The Difference Between Bagging and Boosting in Machine Learning

Bagging and boosting are two popular ensemble methods in machine learning, where a set of weak learners combine together to create a strong learner to improve the accuracy of the model.

So, while bagging and boosting are both used in data mining to achieve similar results, the difference lies in how the ensemble is created. Bagging draws random subsets from the data at each iteration to fit new models.
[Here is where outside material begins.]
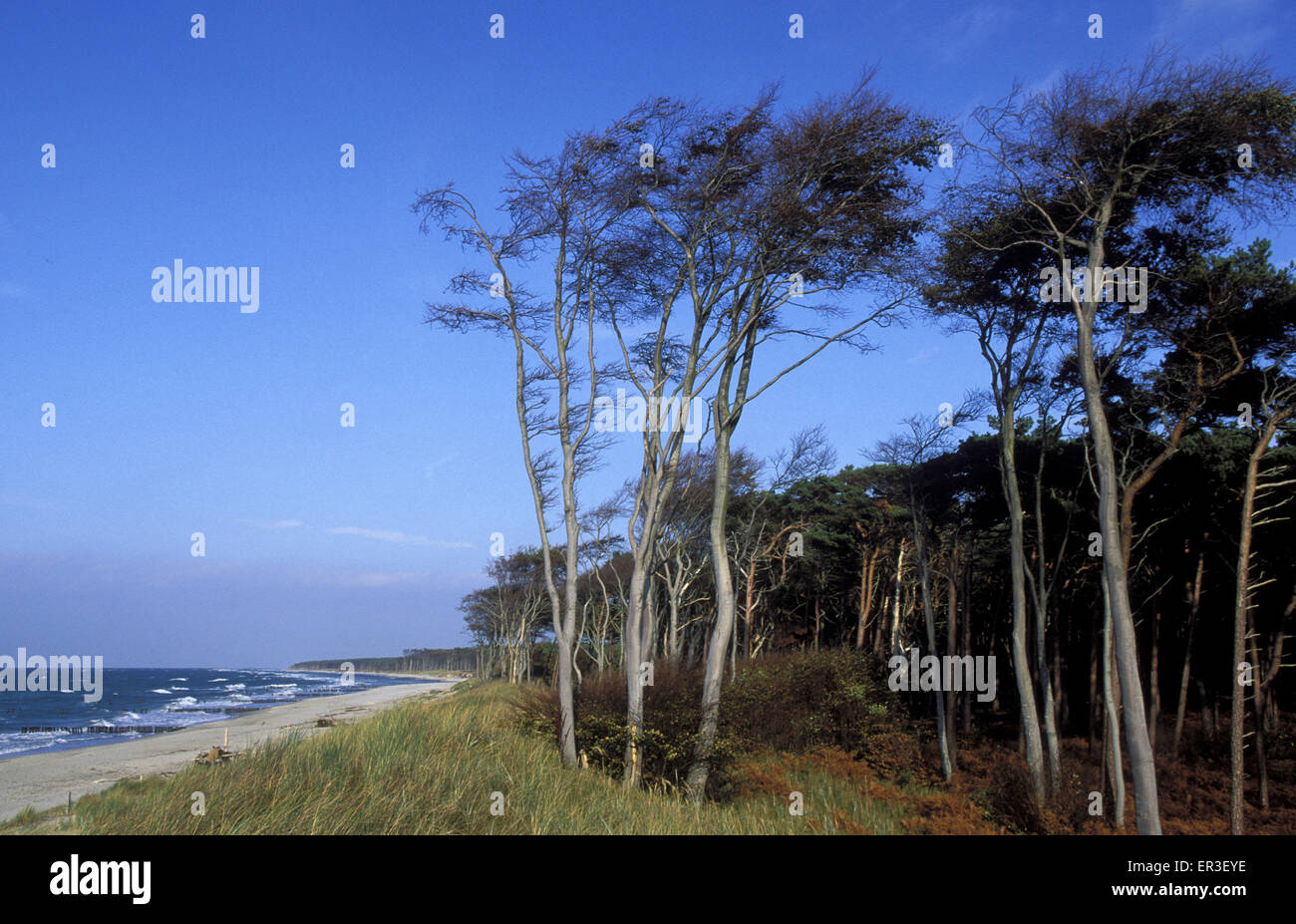 DEU, Germany, Mecklenburg-Western Pomerania, Nationalpark Vorpommersche Boddenlandschaft, the peninsula Darss at the Baltic Sea, Stock Photo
Boosting, however, samples the datasets that don’t fit the model well, or show a higher degree of error in the last iteration and creates a new model based on them which are averaged into the existing model.

In the table below, you can take a look at the difference between bagging and boosting:

Bagging
Boosting
Training data subsets are drawn randomly with replacement from the training dataset.
Each new subset contains the components misclassified in the previous models.

Bagging is used to tackle the over-fitting issue and reduce variance.

Boosting is used to reduce bias.
If the classifier is unstable or shows high variance, we need bagging.

If the classifier is steady and straightforward, with high bias, we need boosting.

In bagging, every model receives equal weight.
In boosting, models are weighted according to their performance.

It is used for connecting predictions of the same type.

It is used for connecting predictions that are of different types.

Each model is independently constructed.

Each model aims to solve the problems of the previous model and is, therefore, affected by the performance of the previously developed model.

Bagging and Boosting – Which Is the Better Alternative?

When we discuss bagging, the indication is usually toward random forest – which yields some decent results after having trained only one model. With bagging, you can also quickly find out the predictors that aren’t working and drop them out. On the contrary, boosting algorithms require meticulous tuning, which may be easy to set up and run but also time-intensive.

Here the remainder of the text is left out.